I slipped on my golden boots (only joking) and rustled this up yesterday when rain stopped play in the garden. I’d researched apple mint jelly in the meantime and discovered that cooking apples give a better overall flavour (Bramleys ideally if you live in the UK). I also needed to use and a lot more vinegar than I thought.
This recipe tastes like a jelly equivalent of homemade mint sauce, minty and full of flavour but much more delicate than the in your face commercially produced mint sauce. I also ‘saved’ the jars of mint jelly that tasted like tea, adding more vinegar and sugar. Not quite as good as this recipe, as I used eating apples and lemon juice but still tasty.
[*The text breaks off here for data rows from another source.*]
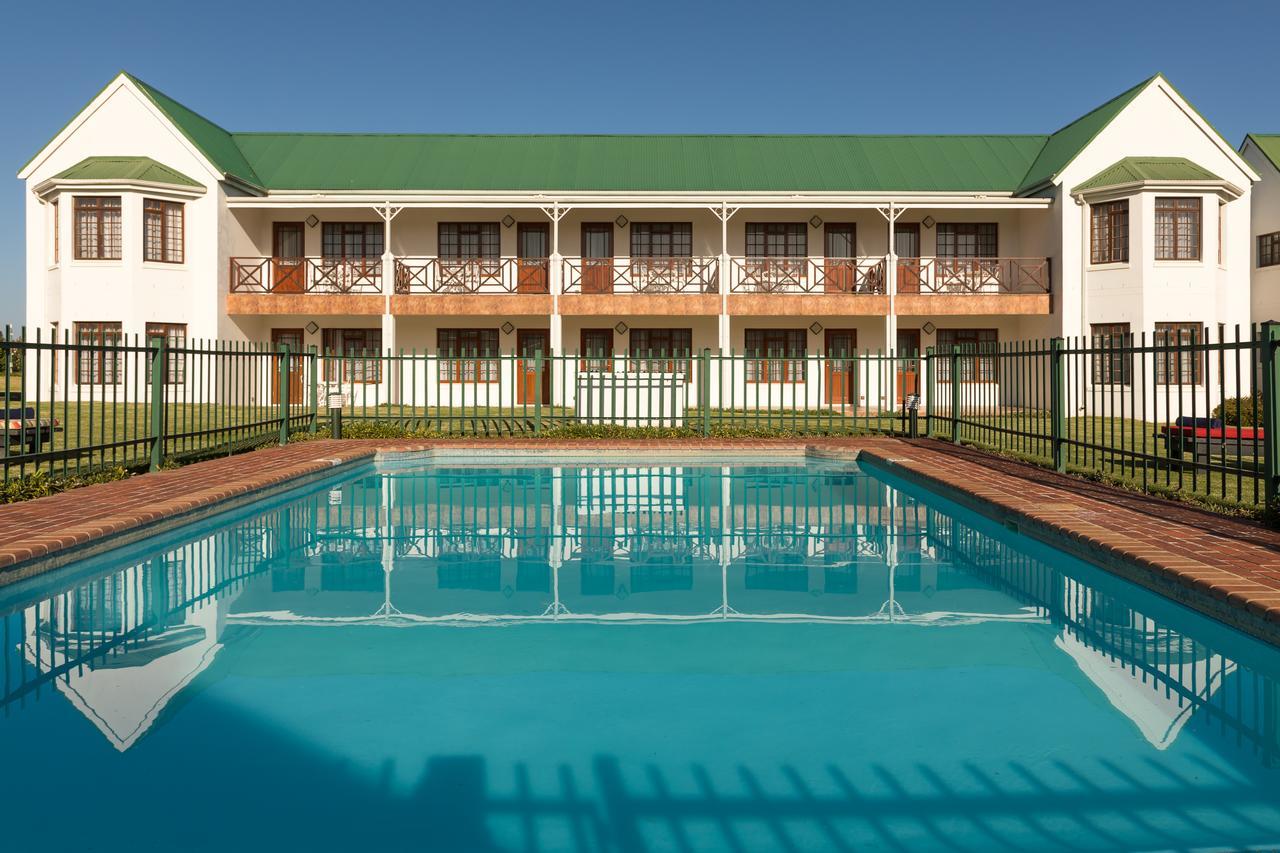 Protea Hotel By Marriott George King George Esterno foto
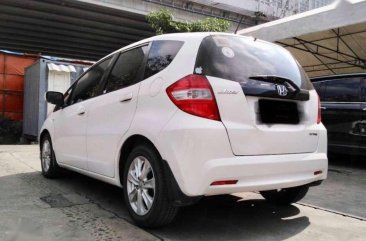 2013 Honda Jazz 1.3, A/T, Gas First owner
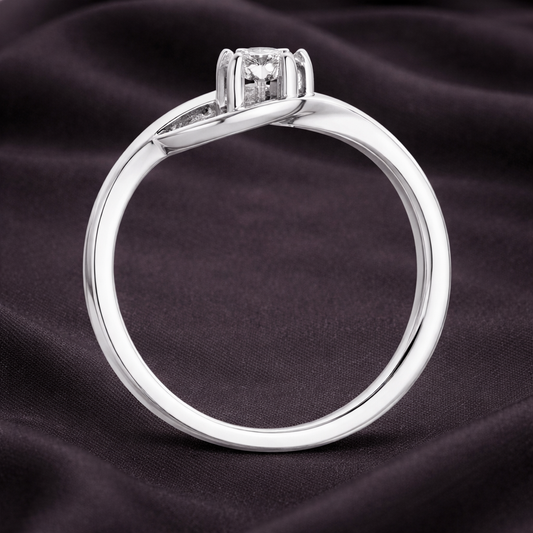 Elegant Twisted Band Ring with 0.18 Carat Round Solitaire Diamond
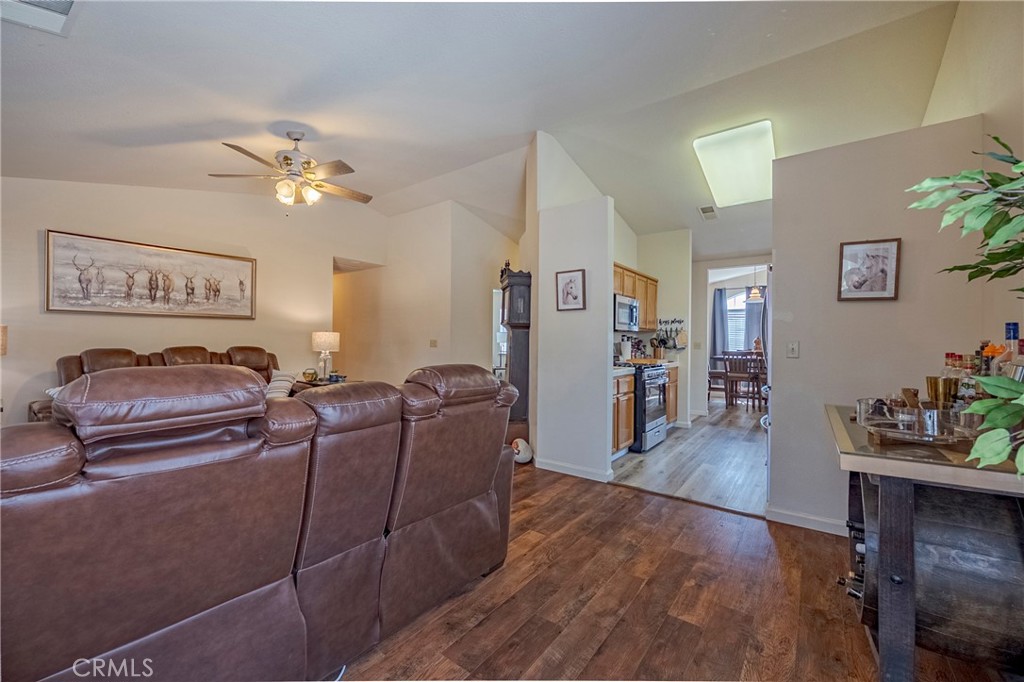 1824 Augusta Property Photo 14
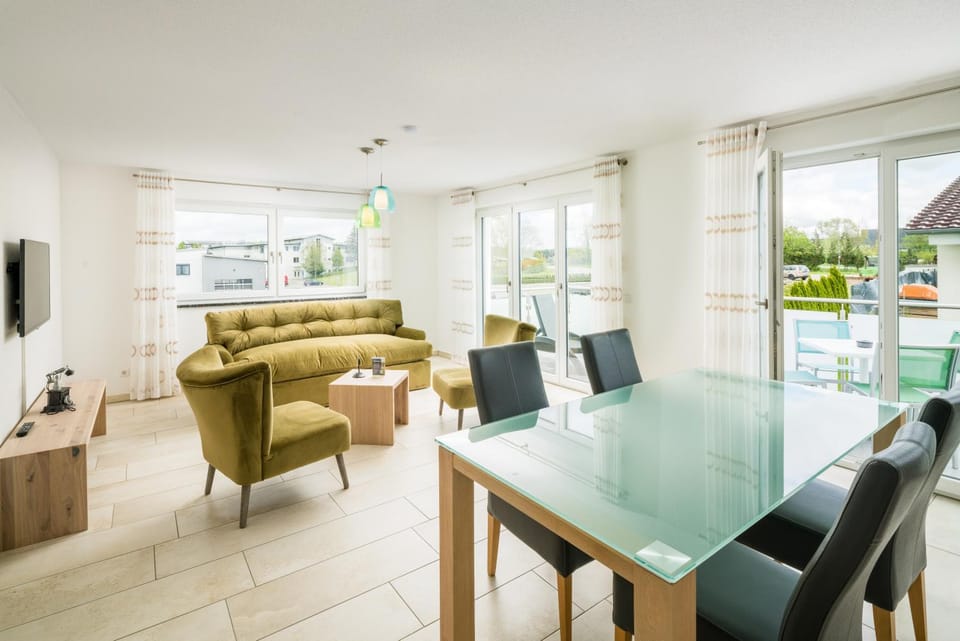 Living room, Seating area, Dining area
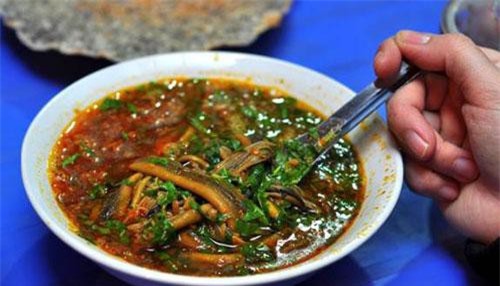 Quán miến lươn, bánh mướt ngon nức tiếng ở Nghệ An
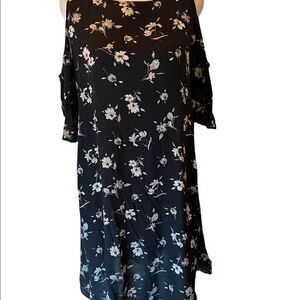 Xhilaration size small SS cold shoulder black and white floral dress EUC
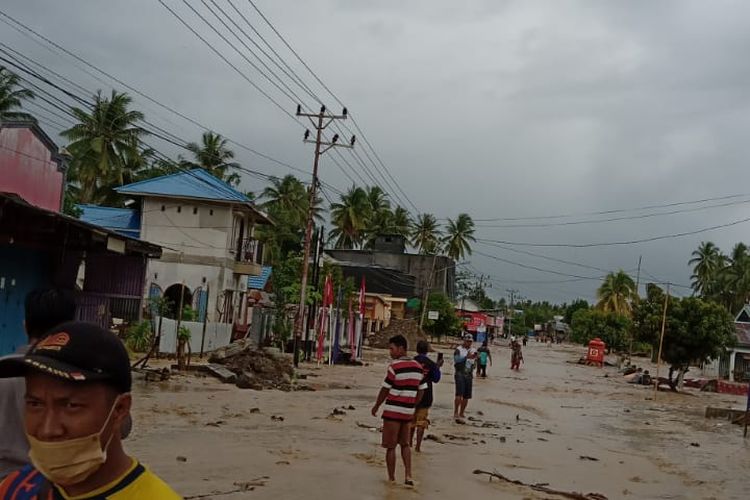 Foto//Suasana Banjir Bandang Desa Torue, Kabupaten Parigi Moutong ,Minggu (14/9)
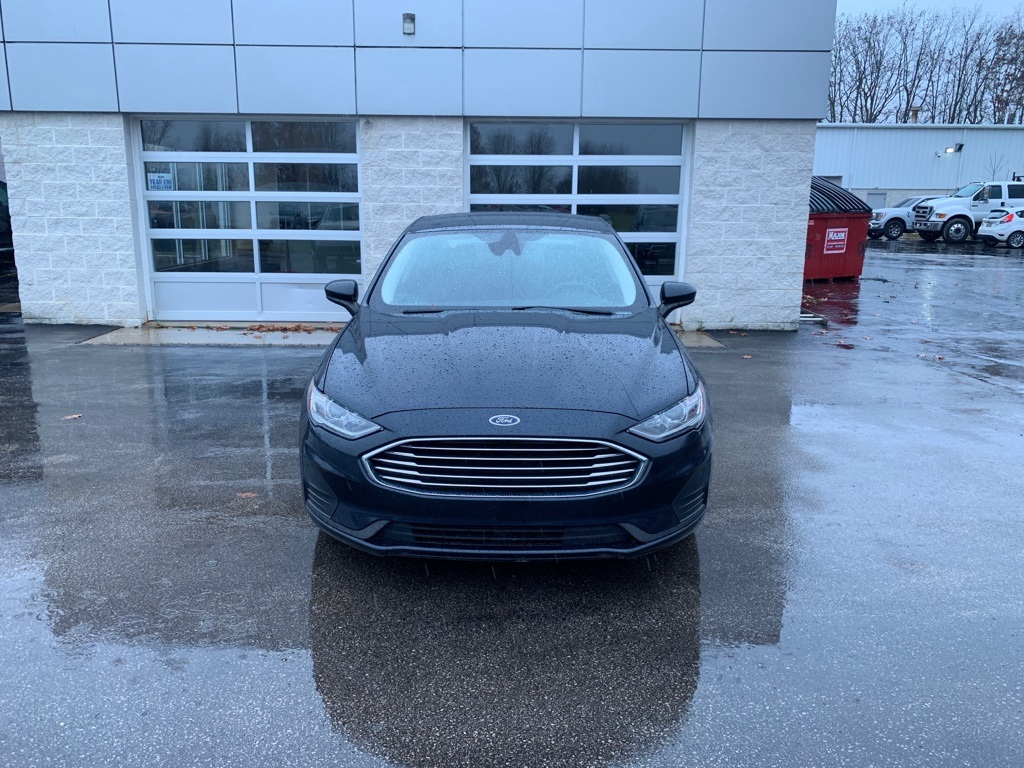 2020 Ford Fusion SE photo 2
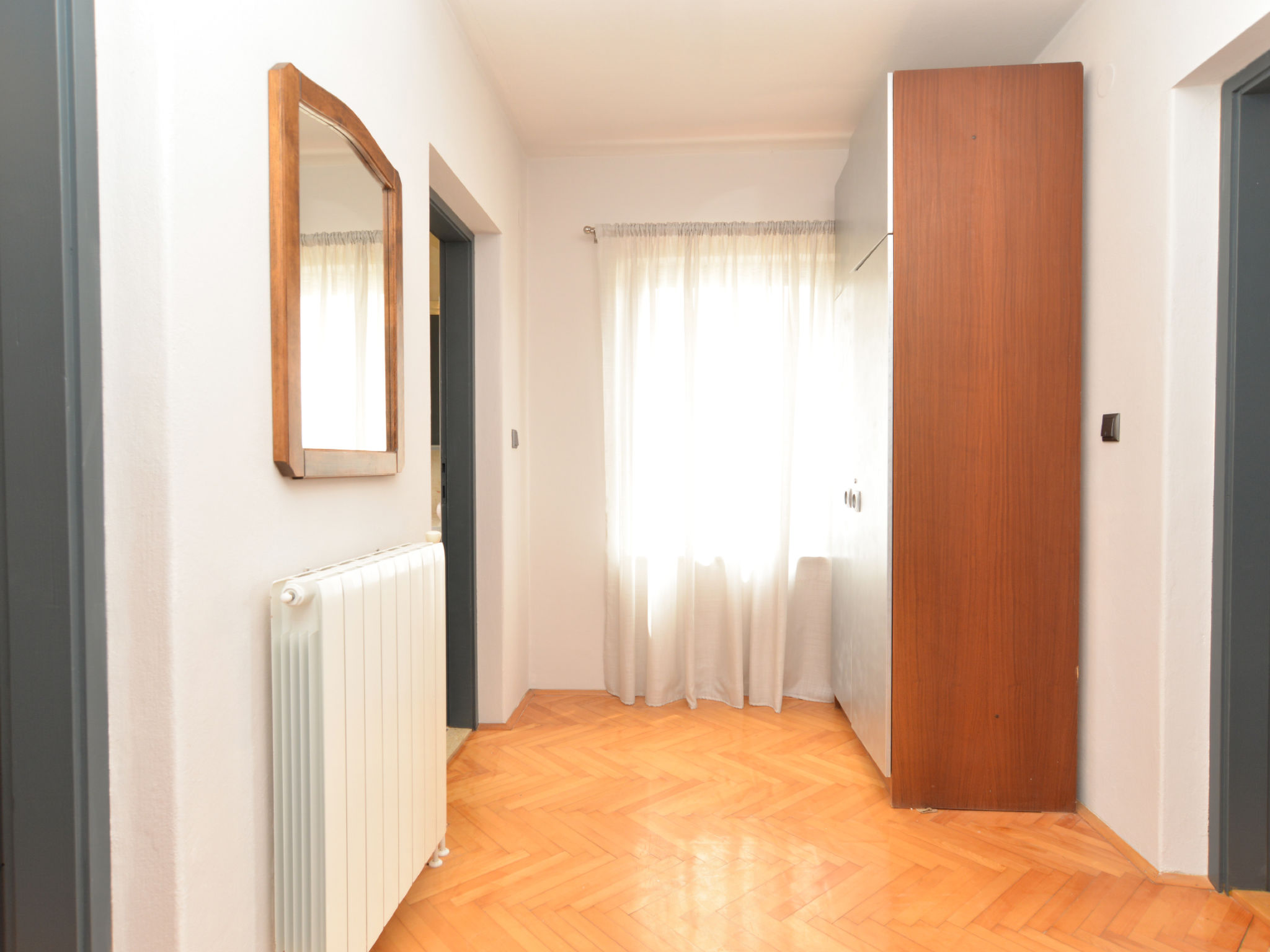 House 843 - Inside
I’ve also described two methods. One for those who don’t have a steam juicer and use a jelly bag one for those who are lucky to have a steam juicer (like me).
The left over apple must looked so glorious that it seemed to be a shame to chuck it away. One of the sauces that I love with pork or fatty meat is apple sauce but generally never seem to have an apple to hand when the joint is roasting in the oven. So I will be making apple sauce with the left over apple pulp tomorrow. Look out for the recipe in a couple of day’s time.
You will need a heavy bottomed saucepan or Maslin pan.
|Mint jelly recipe||
- 1.8 kilos (4 pounds) of cooking apples (Bramleys are ideal).
- 20g (3/4 ounce or 3/4 cup) bunch of mint tied with string
- 50g (1 3/4 ounces or 2 cups) of mint leaves chopped fine
- 570ml / 1 UK pint (2 1/2 cups) of water
- 570ml / 1 UK pint (2 1/2 cups) of white wine vinegar
- Sugar at a ratio of 454g (1 pound) to 570ml of liquid – a pound to a UK pint of liquid (2 1/2 cups)
- Prepare the apples. Don’t peel or core, just chop into chunky pieces and remove any pips that have been cut as these can make the juice bitter.
- Method 1: Jelly bag method
- Add the apple chunks to a large heavy bottomed saucepan.
- Add the bunch of mint and the pint of water.
- Simmer (lid on) until the apples look fluffy and are entirely soft.
- Strain through a jelly bag overnight.
- Measure the amount of apple juice and add 4/5ths of white wine vinegar (e.g. 715ml/1 pint and a quarter of juice would need 570ml/1 pint of vinegar – 2 1/2 cups of vinegar to 3 cups of water).
- Method 2: Fruit steamer
- Put the apple chunks and the bunch of mint into the top of your fruit steamer and fill the lowest saucepan at least three quarters full of water (I do this and let it heat up as I chop the apples).
- Steam the apples and mint until you have a UK pint and a quarter of apple juice (715 ml or 3 cups)
- Pour the extracted juice through a very fine sieve or piece of muslin.
- Then the process is the same for both methods.
- Put the juice and the vinegar into a heavy bottomed saucepan. Heat gently.
- Add white granulated sugar 454g to 570ml of liquid / 1 pound to 1 pint (2 1/2 cups) and stir until you are absolutely sure that all the sugar has been dissolved.
- Bring to a rolling boil and test for set after 20 minutes. Testing every four minutes thereafter. If you have a jam thermometer – my jelly set at 103c (217f).
- When the jelly has set, remove from the heat and stir in the chopped mint.
- Leave the jelly for at least 10 minutes before giving it a final stir and ladling into hot sterilised jars.
- Wipe the tops of the jars, seal immediately and label when cold.
- Store in a dark dry place. This should keep for at least a year.